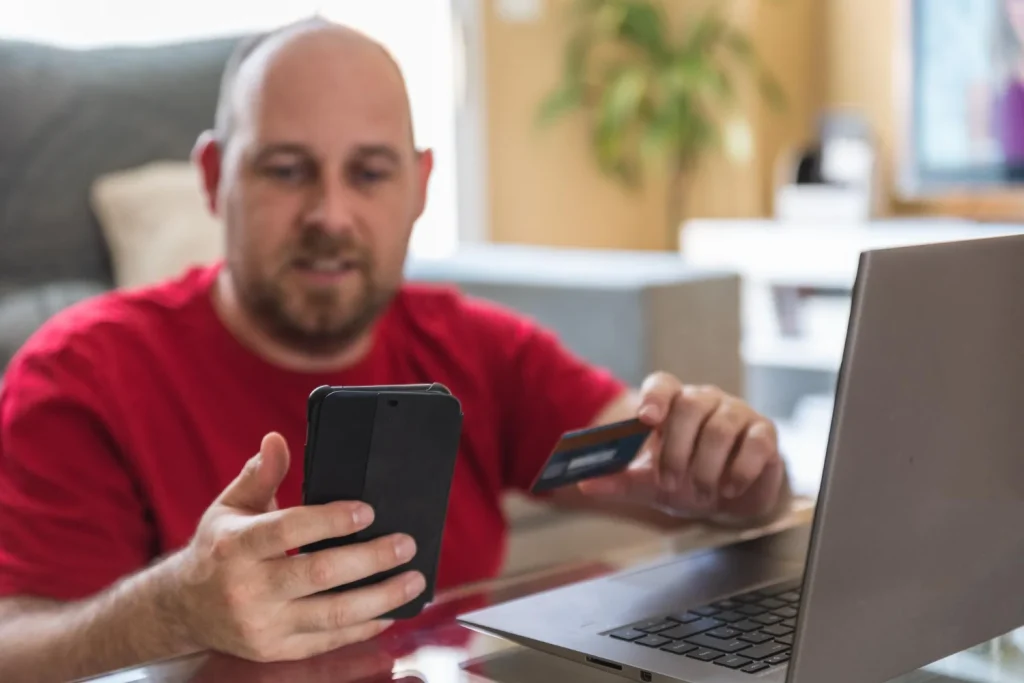 Los sistemas operativos de tu móvil son la puerta de entrada a este seguimiento constante, a menudo con tu permiso implícito. Fuente: Freepik 
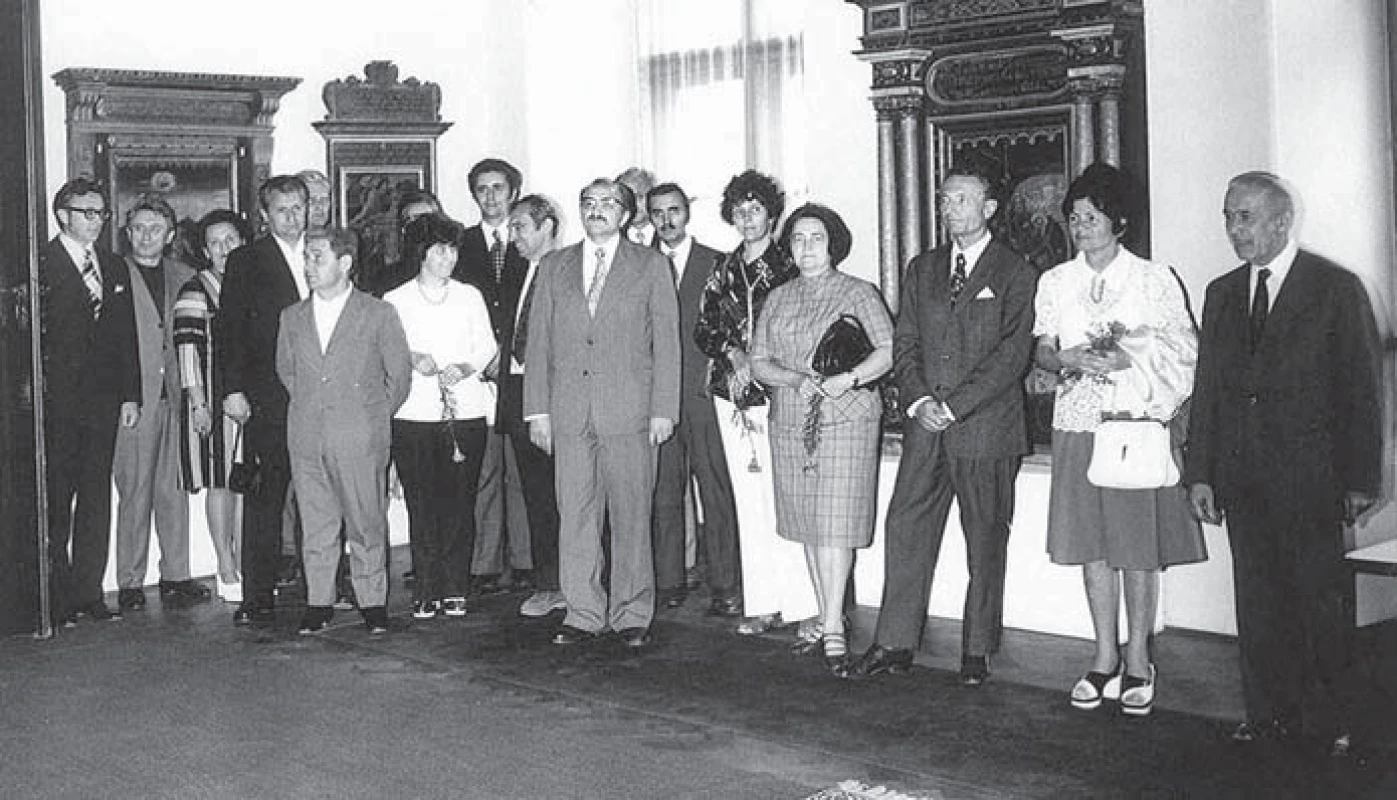 Účasníkov VI. Bardejovských gastroenterologických dní prijal na radnici primátor S. Horký, 5. júna 1980. Sprava: prof. M. Fučík, doc. M. Jablonská, prof. Z. Mařatka a další.
Fig. 1. Mayor S. Horky receiving the participants of VI. Bardejov Gastroenterology Days at the City Hall, June 5, 1980. From the right: Professor M. Fucik, Assistant professor M. Jablonská, Professor Z. Mařatka and others.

Assigned task -
Write out the listing word for word, omitting the pictures it holds.

Result -
 Los sistemas operativos de tu móvil son la puerta de entrada a este seguimiento constante, a menudo con tu permiso implícito. Fuente: Freepik 
 Účasníkov VI. Bardejovských gastroenterologických dní prijal na radnici primátor S. Horký, 5. júna 1980. Sprava: prof. M. Fučík, doc. M. Jablonská, prof. Z. Mařatka a další.
Fig. 1. Mayor S. Horky receiving the participants of VI. Bardejov Gastroenterology Days at the City Hall, June 5, 1980. From the right: Professor M. Fucik, Assistant professor M. Jablonská, Professor Z. Mařatka and others.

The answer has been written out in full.